I originally wanted to do more updates myself, but last week I was called to deal with a serious family emergency. As we slide toward the end of the campaign, however, I’d like to talk a little bit about maturity and tone.
In my opinion, a lot of people confuse harshness with maturity, and maturity with a work’s worth, whether it’s a game, film, book, whatever. When we’re younger, we often look to extreme, dark stuff to explore the cultural world beyond what our families and other elders have provided for us, and for a while, we might associate seeking these things out with maturity. And certainly, there’s a lot to learn from dark themes. Most of my own work has been in dark fantasy and horror, and it’s a genre I plan to return to—but it isn’t the most mature or worthy.
I started playing around with the ideas that would coalesce into Wardens of the Blue Rose because I was fascinated with the simple proposition of the game’s subtext: What if the type of good in a fantasy world actually matched the values we want to see? And that raises this question: Why do we think that focus is less interesting or elevated than something darker? One reason is simple and value-neutral: Whenever you solve a problem, you prevent a conflict, and while we can have stories without conflicts, the ones we enjoy in roleplaying games usually have them. “But!” I said to myself at the battered coffee table where I do my work, “Conflict for a good cause is cool.”
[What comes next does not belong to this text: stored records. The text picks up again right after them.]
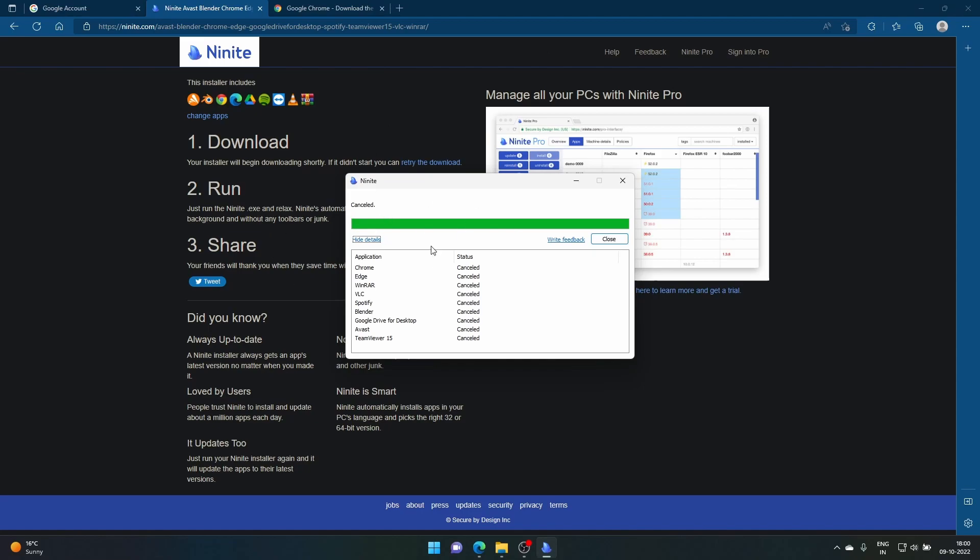That's the beauty of Ninite. Imagine doing this for all these apps - it's going to take nine times. You have to do that, and then you have to next, next, next, install it. So I think this is a beautiful website that you can use.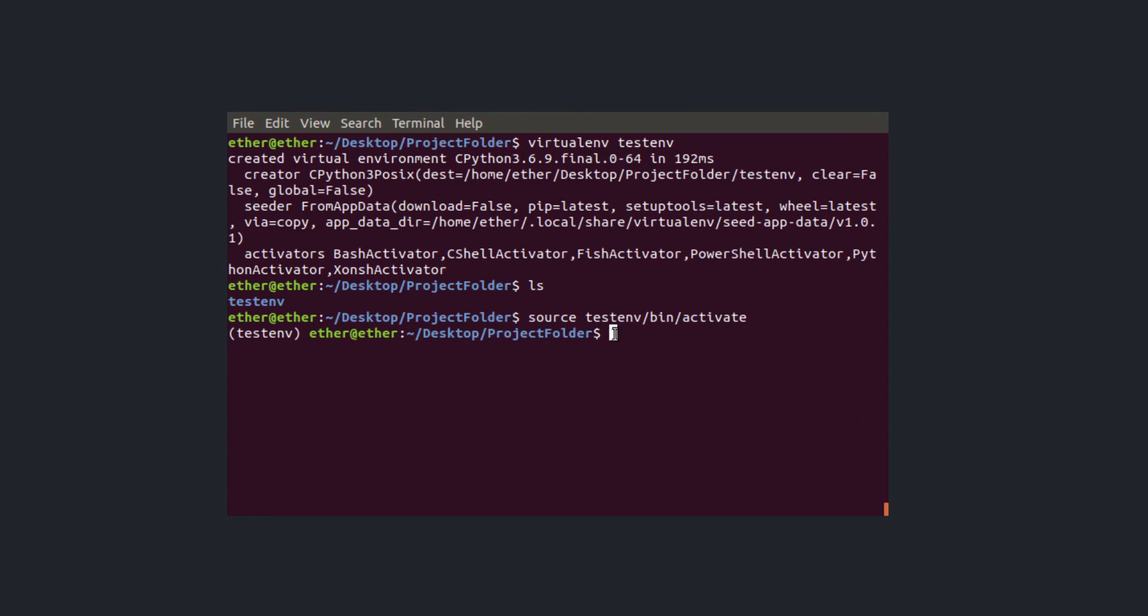If I'm done working on this I can simply deactivate it by typing deactivate and my virtual environment is deactivated.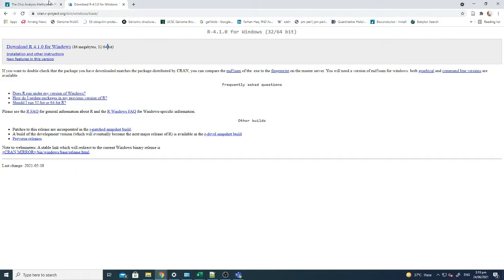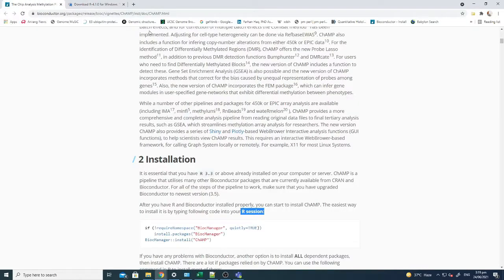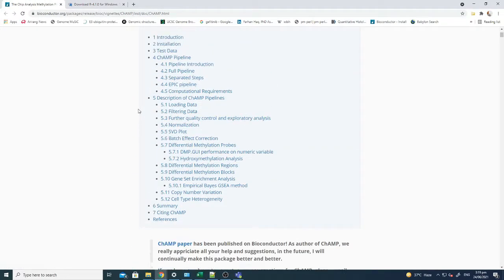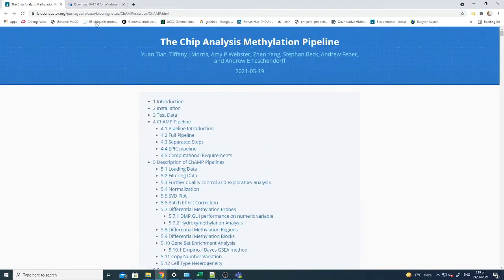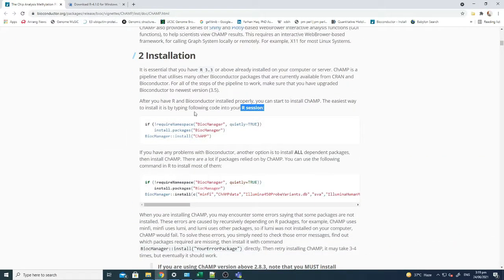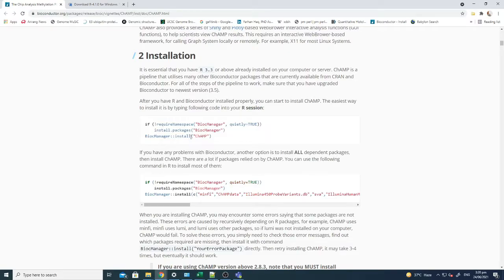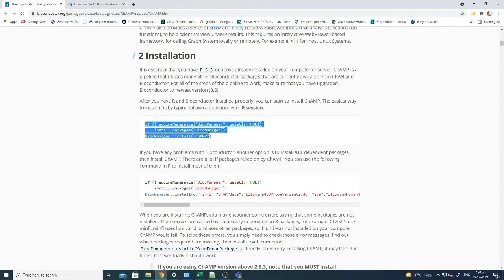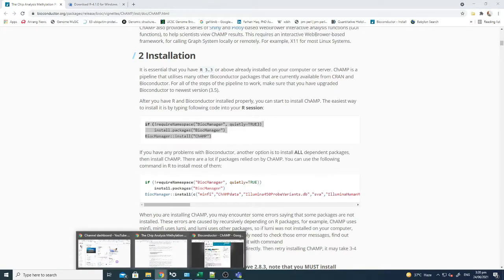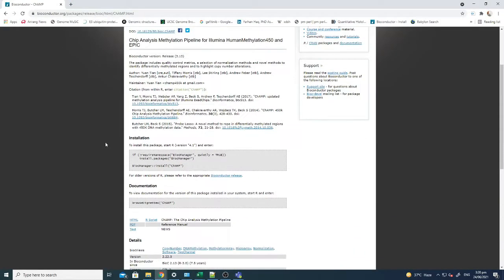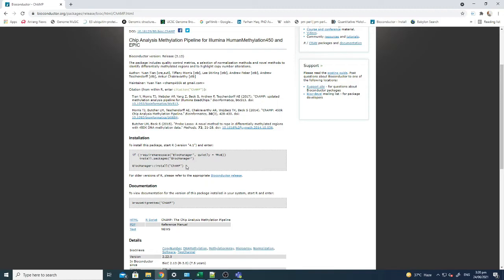After that, you have to go to the Bioconductor website, and from there you can find this command. This command actually contains the install CHAMP option, and this will directly start installing on your R software. So if you want to go on the Bioconductor website, here you can see this is the Bioconductor website from where you can download it. It's the same command, so this command will start downloading CHAMP on your computer.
And conflict doesn’t need to be lethal or otherwise catastrophic. In real life we have very meaningful struggles and reconciliations without gods, monsters, and death. Wardens of the Blue Rose probably wouldn’t exist without slice-of-life narratives finding a place in genre media, because that makes people used to exploring fantasies where the goal isn’t to satisfy a prophecy, bring things back under a good deity, or whatever, but to be good to people, and help them solve their problems. Sometimes we’ll find the fight for goodness goes to dark places, but whether it’s about a fencepost or something from the Shadow, these are worthy stories, because they offer us more than hope for an imaginary land. They remind us that we can take up goodness—real goodness instead of a fantasy metaphysics of gods and magic—and it can drive us to communicate, join together, and make the world better. I think I decided on younger adult protagonists both to appeal to all ages and as a reminder that we can renew ourselves, even our tastes.
I’m hardly claiming that this game is a social good, but it is valuable to remind us, in play and work, that we can do that, and it can be as fascinating as a dark lord on a lonely throne.